Chapter 1 – Intro to Statistics & Data

Data are “facts & figures”—numerical values or qualitative labels—that describe objects, people, events, or transactions.
Modern reality: datasets are frequently huge (“Big Data”) and stored/processed on computers or in the cloud.
Statistics is “a way to get information from data.” It involves:
- Collecting raw observations.
- Organising & cleaning them.
- Visualising & summarising them.
- Extracting insights that support decision-making.
Practical motivation questions raised in lecture:
- Effect of advertising investment on subsequent sales.
- Relationship between shelf location and cereal sales.
- Delivery/logistics example: UPS tracks weight, destination, cost for every package—massive operational dataset.
Distinction between data and information:
- Data = raw, unprocessed input.
- Information = the “bigger picture” understanding produced after statistical processing.

Definition (must memorise / underline):
- Business analytics is the scientific process of transforming data into insights for making better business decisions.
Emphasis of course: analytics for business & economic decision-making.
Links to prior learning:
- Builds on statistics, computer science, domain knowledge.
- Ethical importance: data-driven decisions can affect pricing, job allocations, credit, etc.; requires responsible use.

Nominal
- Qualitative / categorical; pure labels or names.
- No arithmetic operations are meaningful (cannot add, multiply, etc.).
- Examples: gender, product ID, cereal flavour.
Ordinal
- Still categorical but ordered / ranked.
- Example scale: Excellent > Good > Fair > Poor.
- Arithmetic still meaningless, yet order conveys preference/intensity.
Interval (often called “ratio” or “quantitative” in some texts)
- Numeric, equal intervals between points; full arithmetic operations are valid.
- Can compute means, differences, ratios, etc.
- Examples: age, income, weight, price.

Descriptive Statistics
- Summarise important aspects of a dataset (centre, spread, shape, patterns).
- Tools include frequency tables, charts, measures such as mean $\bar{x}$ , median, mode, variance $s^2$ .
- Focus for first chapters/weeks.
Inferential Statistics
- Go beyond available data to draw conclusions about a population.
- Use probability theory, confidence intervals, hypothesis tests.
- Example hypothesis from lecture: “Average American Idol viewer age $=23$ .” Test $H<em>0: \mu=23$ vs HA: \mu>23 using sample $n=500$ .

Population
- Entire set of items/individuals of interest (e.g.
  all California residents, all American Idol viewers).
Parameter
- Numerical characteristic of a population (e.g.
  true mean age $\mu$ , true proportion $p$ supporting an issue).
Sample
- Subset of the population selected for analysis (e.g.
  5,000 California residents surveyed).
Statistic
- Numerical measure computed from a sample (e.g.
  sample mean $\bar{x}$ , sample proportion $\hat{p}$ ).
Relationship mnemonic:
- “Statistic is to Sample as Parameter is to Population.”

Sample: 5,000 California residents (randomly selected).
Reported result: >55\% have positive view.
Because researcher generalises to all Californians, this is inferential statistics.

Sample: 5,000 CSUF students; 80 % excited about statistics.
Statement limited to sample—no population claim—thus descriptive statistics.

Population: All viewers of American Idol.
Variable: Age (interval/quantitative).
Sample: 500 viewers.
Statistic: Sample mean age $\bar{x}_{sample}$ .
Inference goal: Decide whether population mean age $\mu$ differs from $23$ (producer’s hypothesis \mu>23).
Hypothesis test form once course completed:
- $H<em>0: \mu=23$ ; $H</em>A: \mu \neq 23$ (or >23).
- Decision at $\alpha=0.05$ ("5 % level of risk").

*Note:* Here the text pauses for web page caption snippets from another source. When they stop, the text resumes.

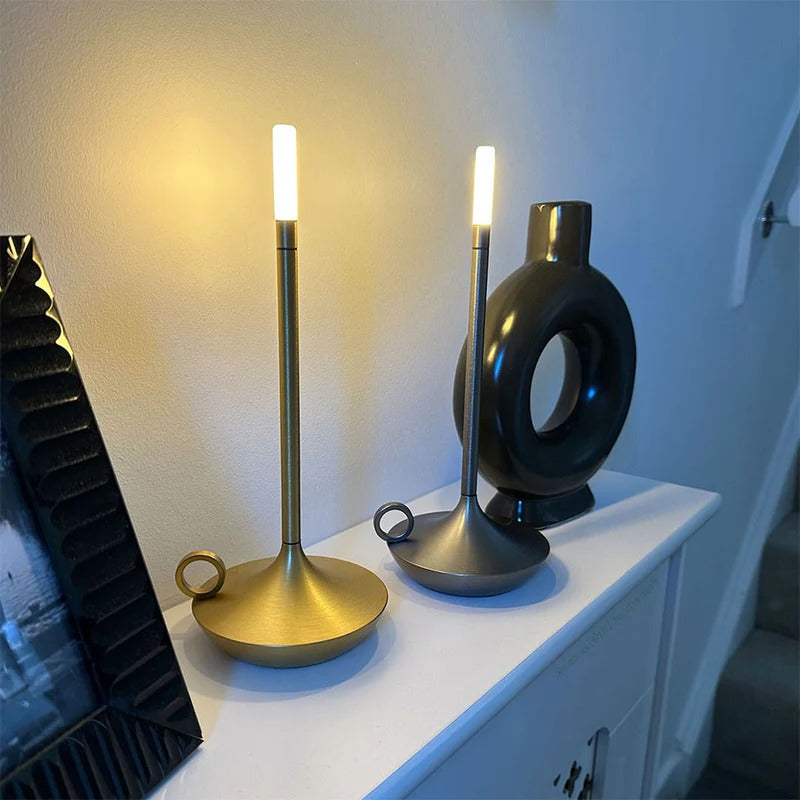 Vintage Aluminium Cordless Candle Lamp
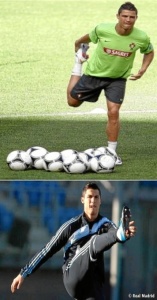 Cristiano Ronaldo realizando un estiramiento estástico y otro dinámico. / Foto: Real Madrid.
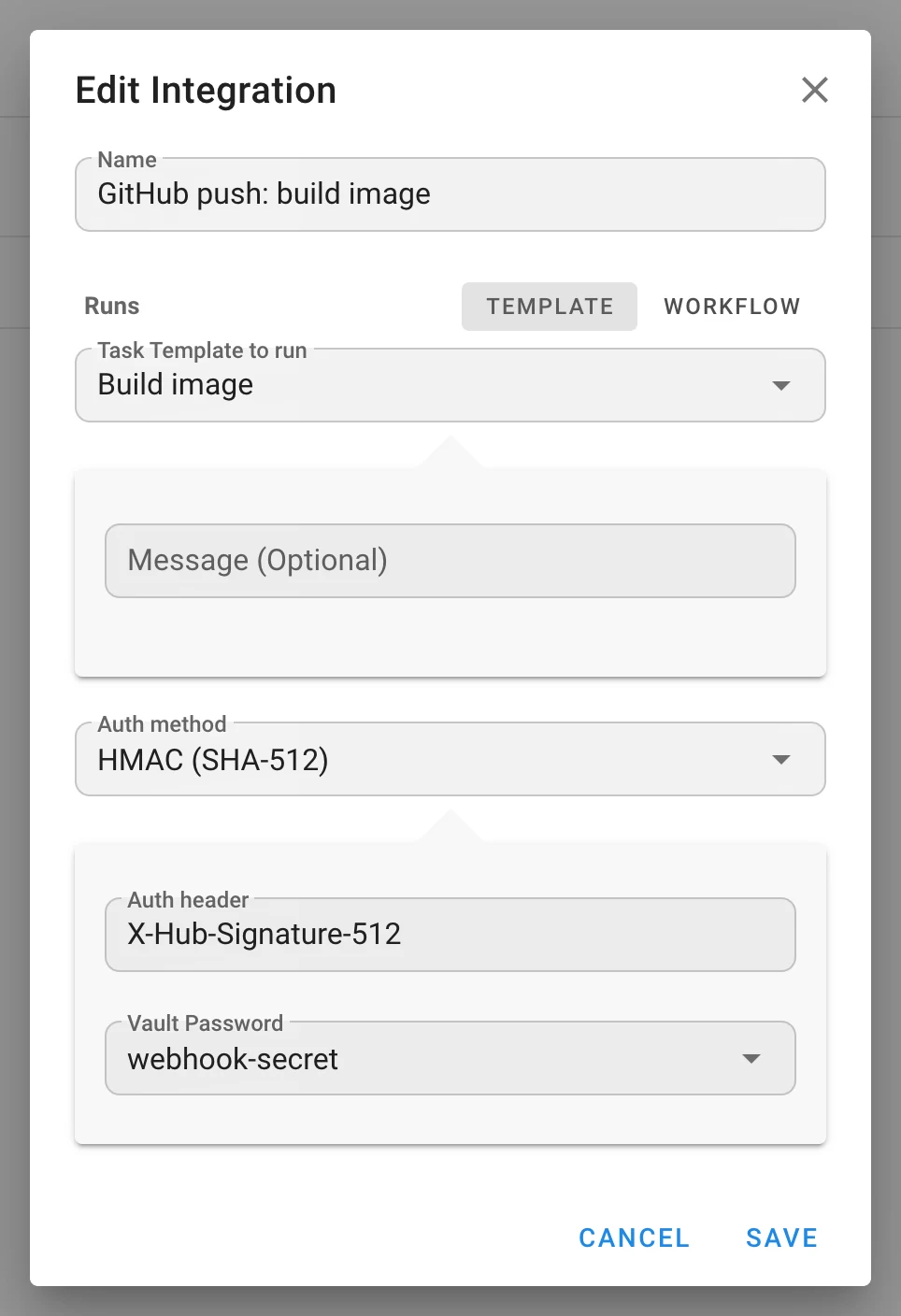 HMAC-SHA512 を使用するインテグレーションフォーム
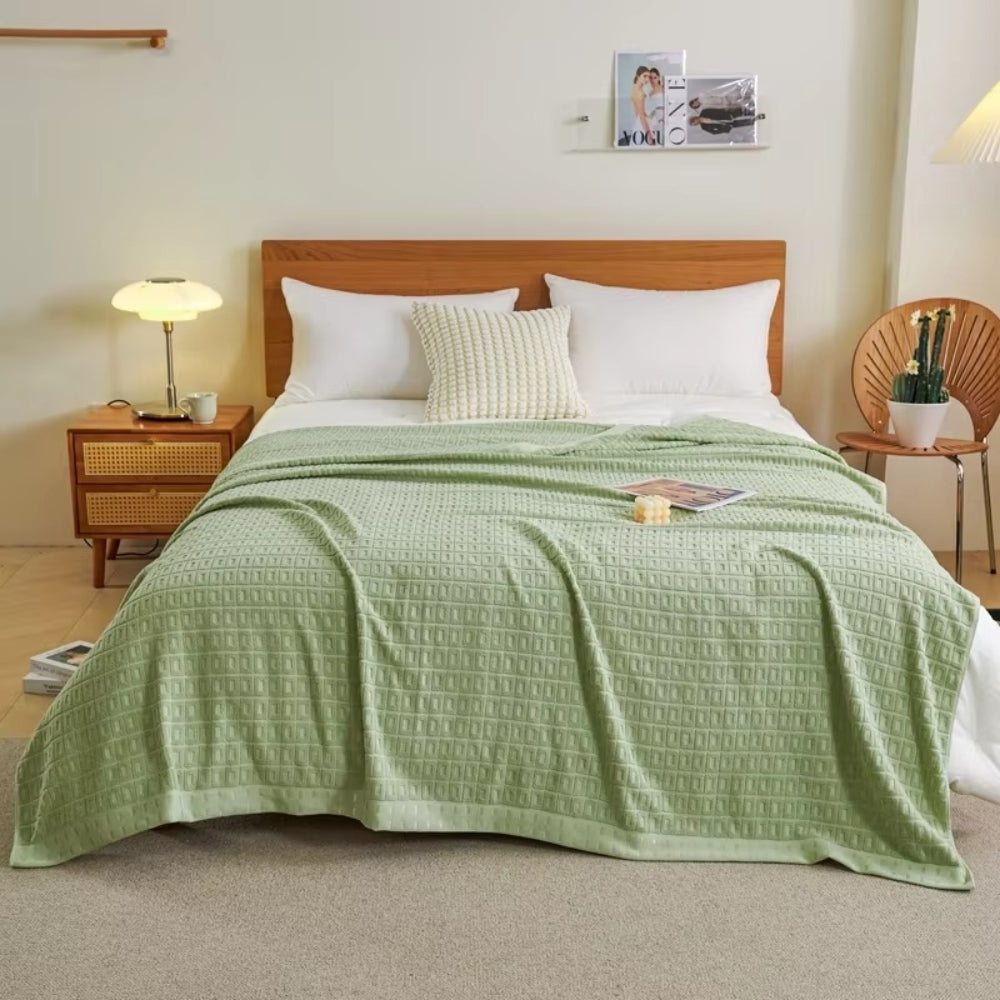 Cotton Waffle Summer Throw Blanket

Main goal: Obtain a representative sample mirroring population characteristics.
Most common method: Simple Random Sampling (SRS)—every experimental unit has equal selection probability.
Pitfalls/ethical notes:
- Bias if sampling frame incomplete or response rates differ.
- Privacy and informed consent when gathering personal data.

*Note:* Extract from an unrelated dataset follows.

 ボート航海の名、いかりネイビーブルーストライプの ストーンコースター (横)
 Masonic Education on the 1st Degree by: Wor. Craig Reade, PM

Memorise core definitions (population, parameter, sample, statistic, business analytics).
Be able to classify data scales (nominal, ordinal, interval).
Distinguish descriptive vs inferential tasks given a scenario.
Remember mnemonic: $Statistic \rightarrow Sample,\ Parameter \rightarrow Population$ .
Understand role of randomness in producing representative samples.
Recognise real-world relevance: advertising ROI, shelf placement, logistics optimisation.